Chanel, printemps/été 2010
Quoi: Le sabot.
Prémices: Accessoire fétiche de la fermière depuis que les pâquerettes existent, le sabot était aussi seyant qu’un silo au milieu d’un jardin. Donnant aux belles des champs des allures de vaches en désalpe, il se cachait souvent sous les jupons de ces dames, évitant ainsi d’empirer un look déjà en friche. Après un léger revival dans les années 70, époque flower power aidant, on l’a cru définitivement rangé des bagnoles, mais que nenni! Stupeur! Voilà qu’il réapparaît sur les étals fashion des boutiques de luxe...
Chez qui: Karl Lagerfeld. Le DA de la maison Chanel contraint la modeuse à envisager l’impensable: le port du sabot en milieu urbain. Bon prince quand même, il revisite la shoe avec un certain brio et une touche contemporaine bienvenue. Cloutés et montés sur échasses, les sabots deviennent miraculeusement portables. Du coup, c’est l’euphorie au sein de la sphère du in. Même la cultissime Alexa Chung frime avec ses Chanel sur la cover du Vogue British. C’est donc tout naturellement que Zara, H&M et les autres suivent la tendance, en bons élèves de maître Karl. Pas de soucis, les filles! Cet été, il n’y aura qu’à se baisser dans les boutiques pour ramasser votre sabot!

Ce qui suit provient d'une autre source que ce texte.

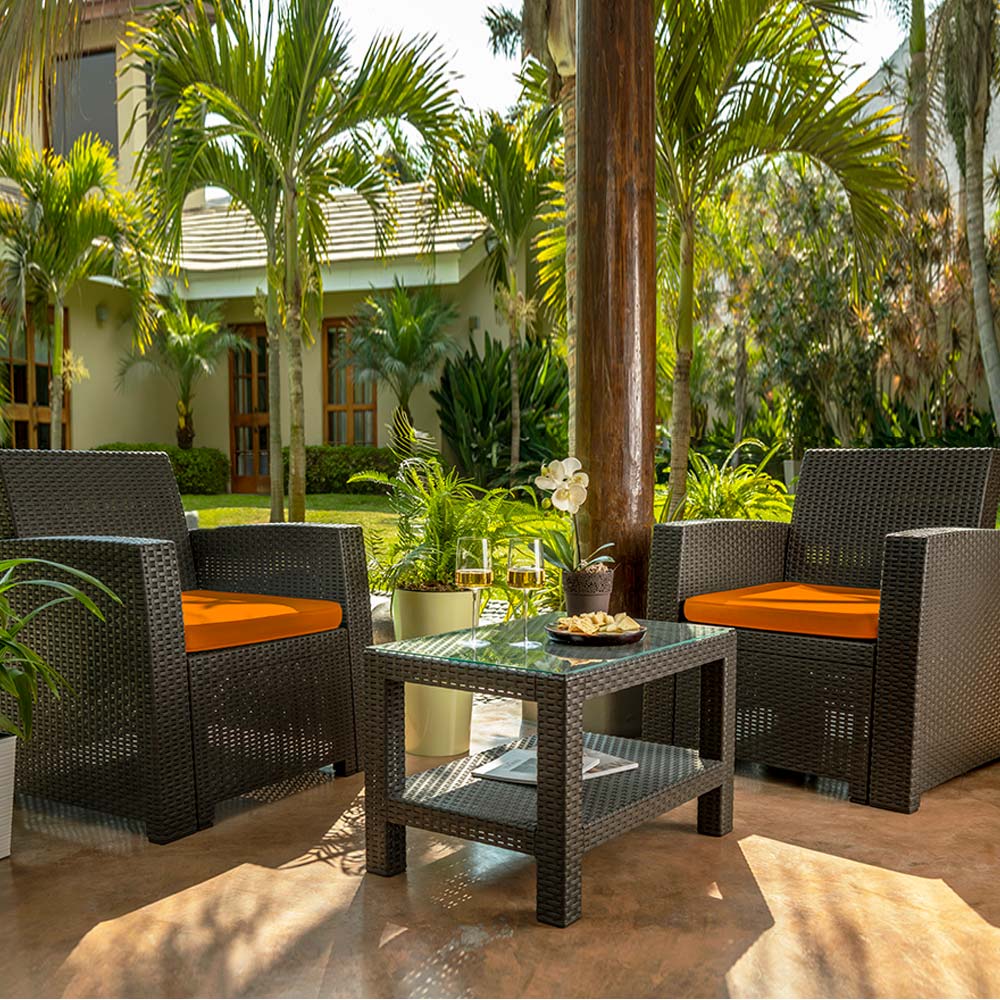 Juego de Terraza Balconero Tavarua 2 personas Reyplast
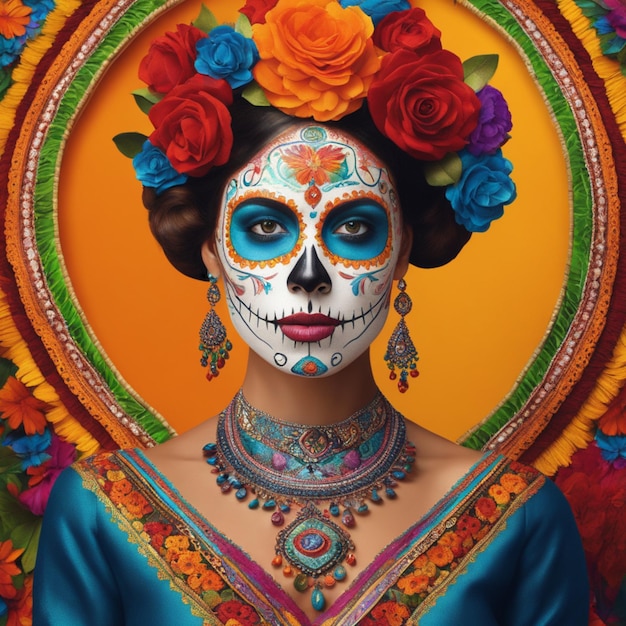 Dia de muertos 배경 그림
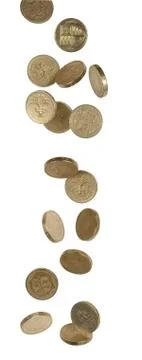 Falling pound Stock Photos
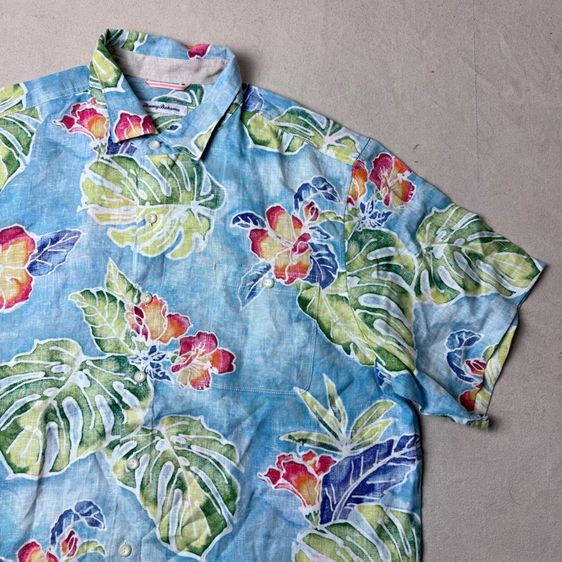 เสื้อเชิ้ต​ลายดอก Tommy Bahama ผ้าลินิน​ Size XL​ รูปที่ 2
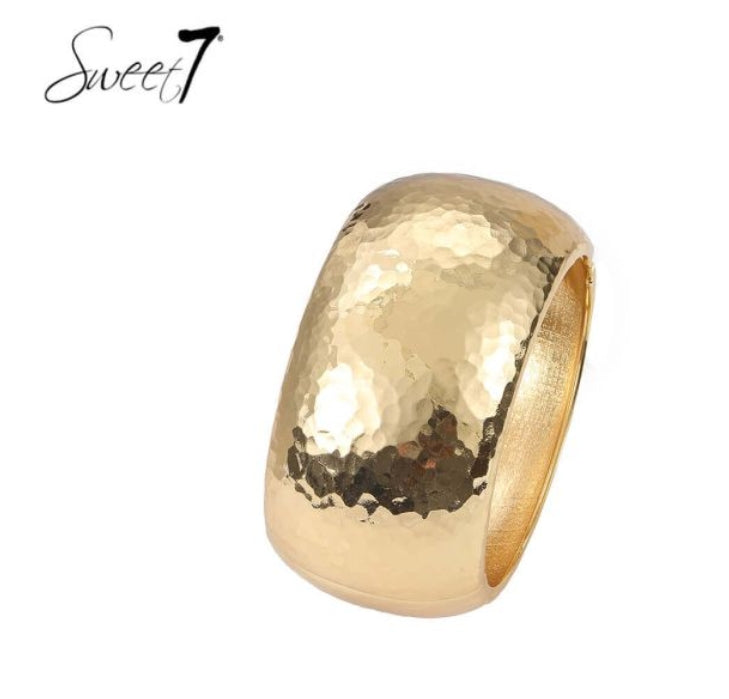 Sweet7 Bangle Armband Goud - 18 cm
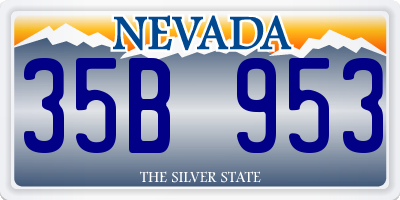 NV license plate 35B953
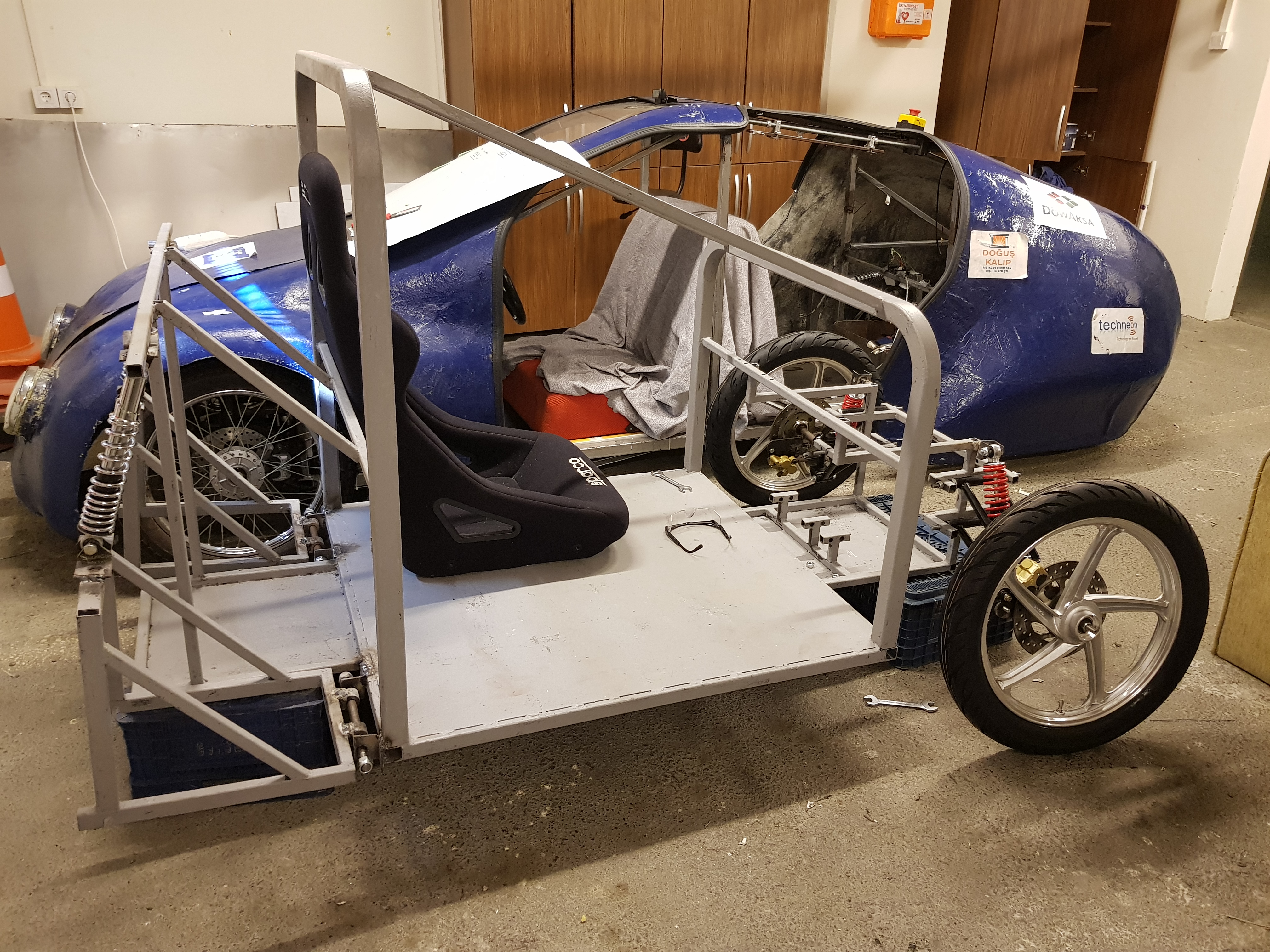Chassis of the Car during Construction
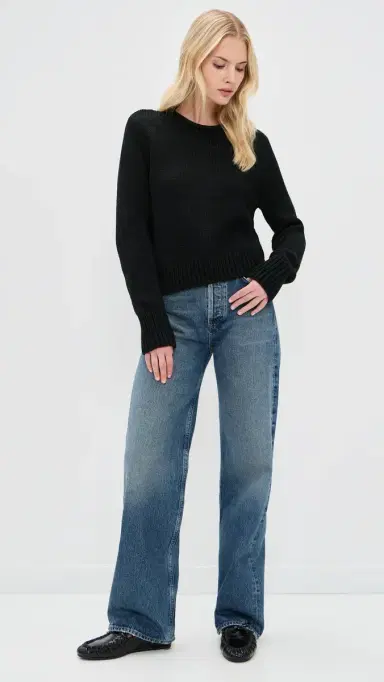 La Ligne Solid Mini arina Pullover Black | Thumbnail 5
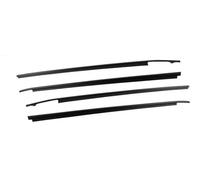 Car Door Protection Strips 4Pcs Outer Door Window Glass Weatherstrip Belt Moulding Trim Sealing for Toyota for Sequoia 2008-2020 Front Rear Black Auto Bumper Guard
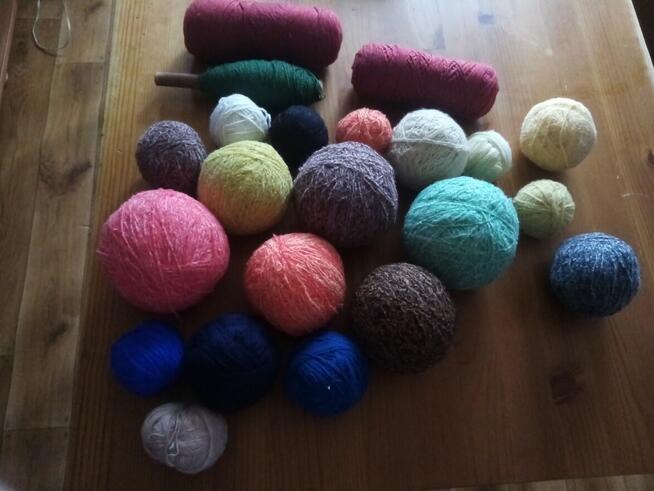 Włóczki , przędze Mix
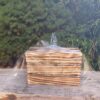 Skrzynka DREWNIANA KOSZYK opalana prezent na walentynki urodziny 23x15x8cm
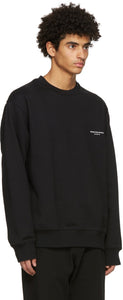 Wooyoungmi Black Square Patch Sweatshirt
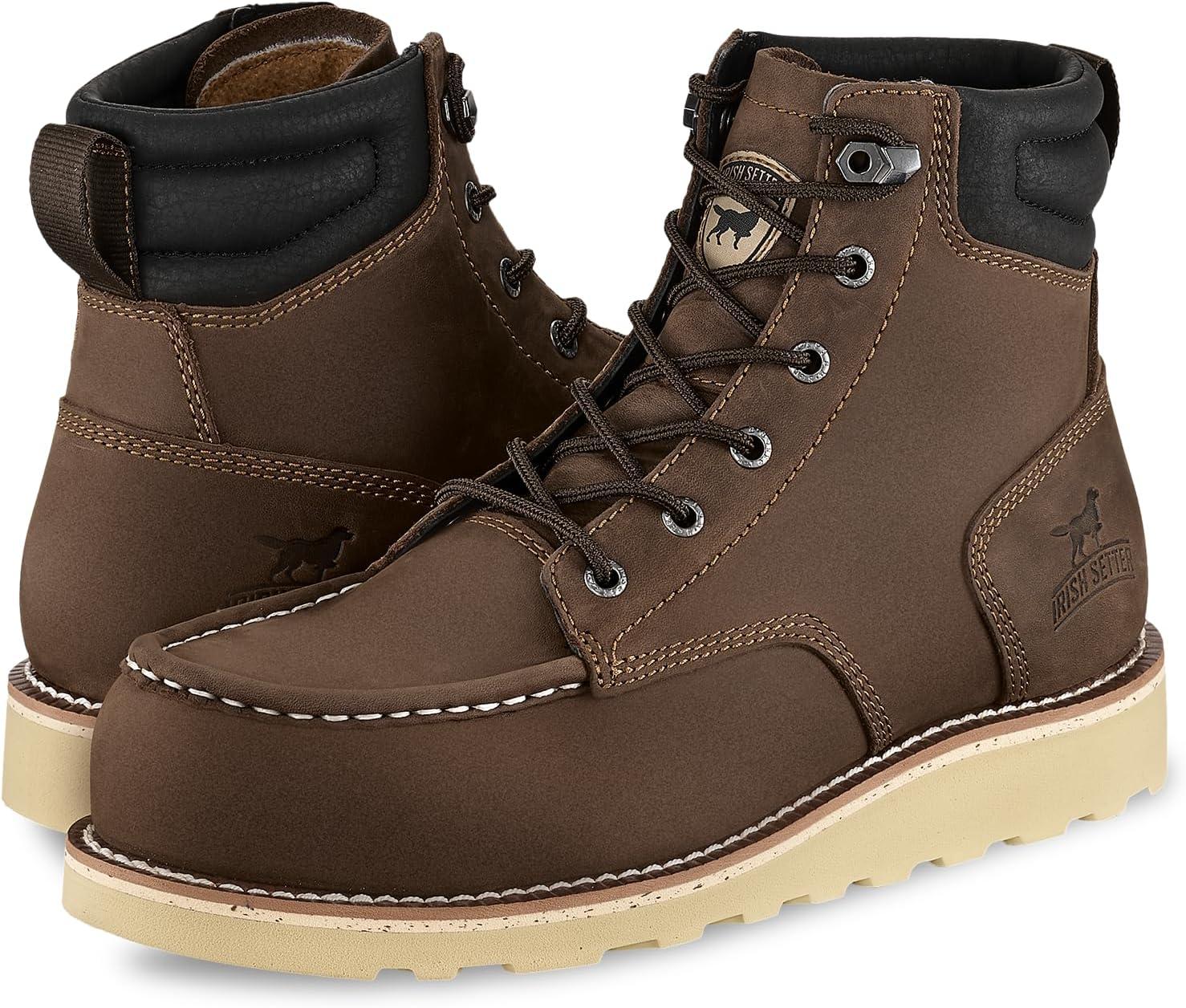 imageIrish Setter Pipestone Unisex 6 Soft Toe Full Grain Leather Work BootBrown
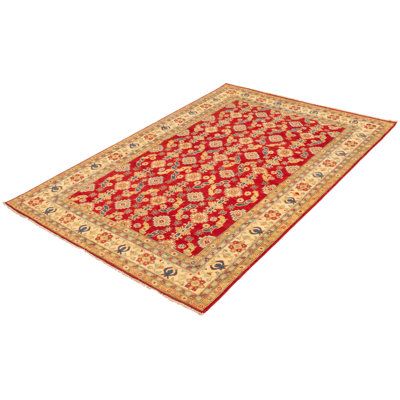 Tapis rouge foncé Finest Ghazni 6 pi 9 po x 9 pi 11 po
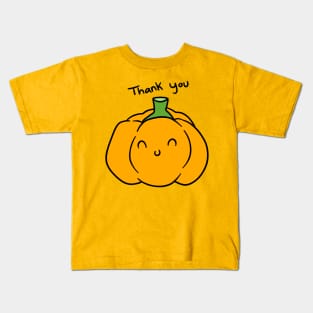 Thank You Cute Orange Bell Pepper Kids T-Shirt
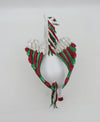 Candy Cane Wishes - Best Offer - OOAK - Custom Dapple Grey Pebble Draft With Wings &amp; Candy CaneBy Dawn Quick - Christmas Tails 2022 - CT22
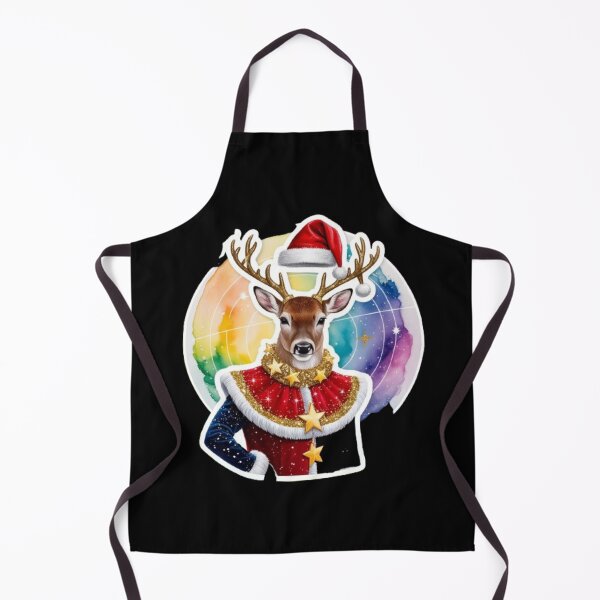 Item preview, Watercolor Reindeer Christmas Astrology Art designed and sold by Mudastro Astrology.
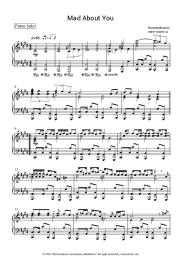 Sheet music, chords Hooverphonic - Mad About You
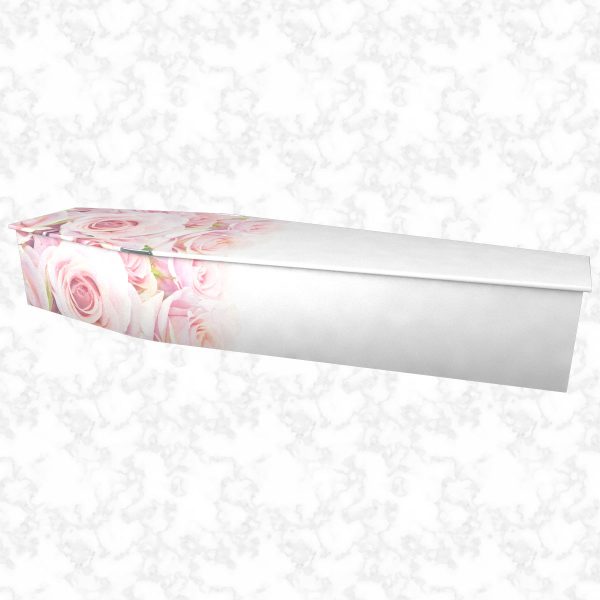 Blushing Rose Colourful Coffin side view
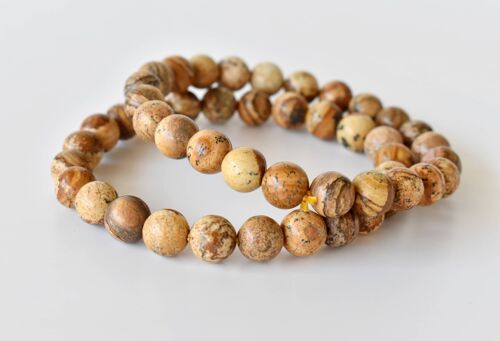 Picture Jasper Bracelet, Crystal Bracelet (Harmony and Visualization)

Comment: Pour éviter la dégaine «fermière dans le Larzac», on accomode le sabot à la sauce casual. Si un pull lose oversize et une mini en jean s’accordent bien avec ce soulier, l’équation jean slim + liquette blanche + blazer sombre n’est pas mal non plus. Pour info, choisissez vos sabots dans des tons camel ou noir et fuyez les modèles blancs, carrément moches.
Adage: Sabot? Sabotage!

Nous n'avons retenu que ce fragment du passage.